Global attention is split as the conflict in Ukraine continues, the US-China competition heats up, and countries in the Global North are increasingly focused on their domestic political concerns. The perceived inability of external forces to aid in bringing lasting security is leading African governments and institutions to gradually take on a greater role in responding to security crises on the continent.
“These changes in tackling insecurity will present challenges for policymakers and businesses in Africa in the coming years. Businesses will be forced to navigate a more complex operating environment where military force, regional competition, and political and business interests are intertwined”, said Patricia Rodrigues, Associate Director at Control Risks.
It will require careful monitoring of rapidly evolving security dynamics, and heightened efforts to maintain neutrality and avoid the potential reputational fallout.
Operators working in conflict zones will also potentially have to navigate interactions with foreign or private military forces.

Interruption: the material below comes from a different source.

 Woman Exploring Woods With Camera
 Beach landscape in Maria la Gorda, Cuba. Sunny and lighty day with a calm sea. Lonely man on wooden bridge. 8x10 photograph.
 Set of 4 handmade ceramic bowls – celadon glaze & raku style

Financing for the future We anticipate that increased geopolitical competition will in the longer term translate into new opportunities for African countries, as geopolitical powers seek to extend their influence through financing and investment.
However, in the short term, African economies will continue to contend with challenging economic environments, and this will deter the more risk averse investors.

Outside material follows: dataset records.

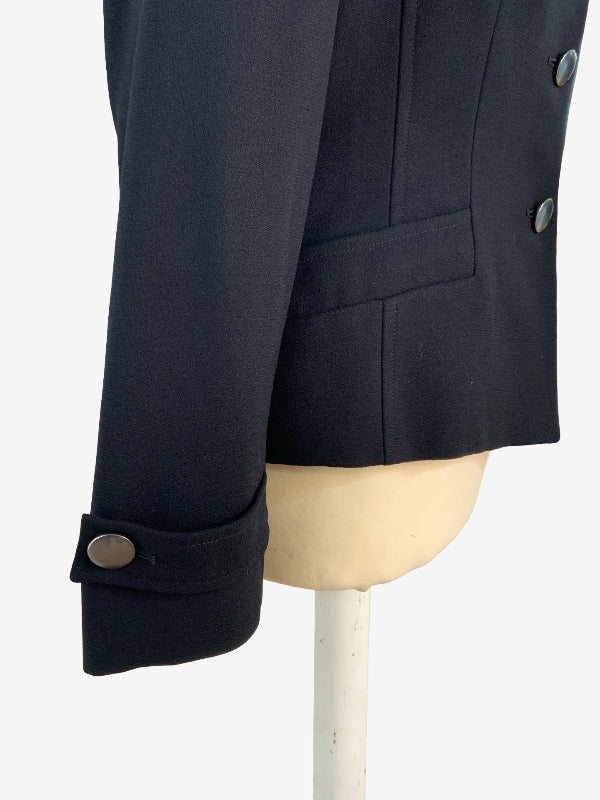 Close-up of a black tailored jacket displayed on a cream mannequin torso, showing a cuff with a single metal button and part of the front buttons 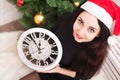 Beautiful teenager girl in Santa Claus clothes lying on the floor next to the Christmas tree and waiting a New Year. 5 more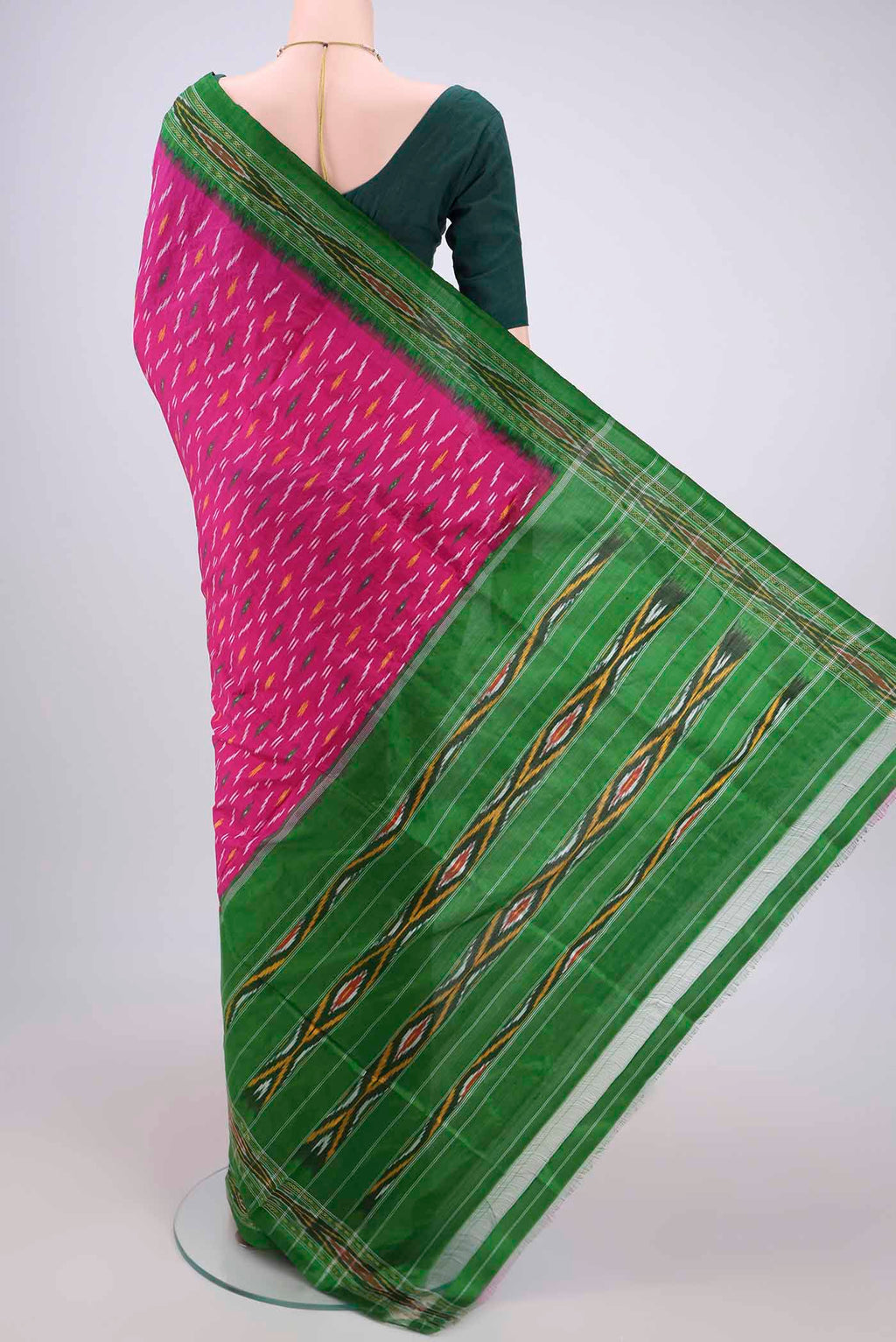 Flat view of Rani Pink Pochampally Silk Saree with Ikat design on the body and Plain Border.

Rising inflation and supply-chain constraints have exposed the continent’s imbalances and economic fragilities.
“The Russia-Ukraine conflict and a tightening in global monetary conditions have unnerved international investors. This has raised concern that economic development on the continent might pause or even regress. One area where this has not been the case is financial services, and more specifically, the expansion of access to financial services through innovation,” said Jacques Nel, Head of Africa Macro at Oxford Economics Africa.
While foreign investors have somewhat retreated to the perceived safe havens of advanced economies, home-grown African champions are emerging to fill this funding gap and are steadily consolidating their dominance in Africa’s financial services industry.
The continent still has a long way to go to reach financial inclusion to the extent seen in more advanced economies. However, financial institutions from regional economic powerhouses South Africa, Egypt, Nigeria, Morocco, and Kenya are stepping in to help bridge access and inclusion divides.
While the sector is likely to remain attractive for investors, there are still significant risks, including exposure to governance issues, fraud, cyber threats, vulnerability to terrorism financing, and growing international scrutiny of illicit financial flows.
The Africa Risk-Reward Index is defined by the combination of risk and reward scores that integrate economic and political risk analysis by Control Risks and Oxford Economics Africa.
Risk scores from each country originate from the Economic and Political Risk Evaluator (EPRE), while the reward scores incorporate medium-term economic growth forecasts, economic size, economic structure, and demographics.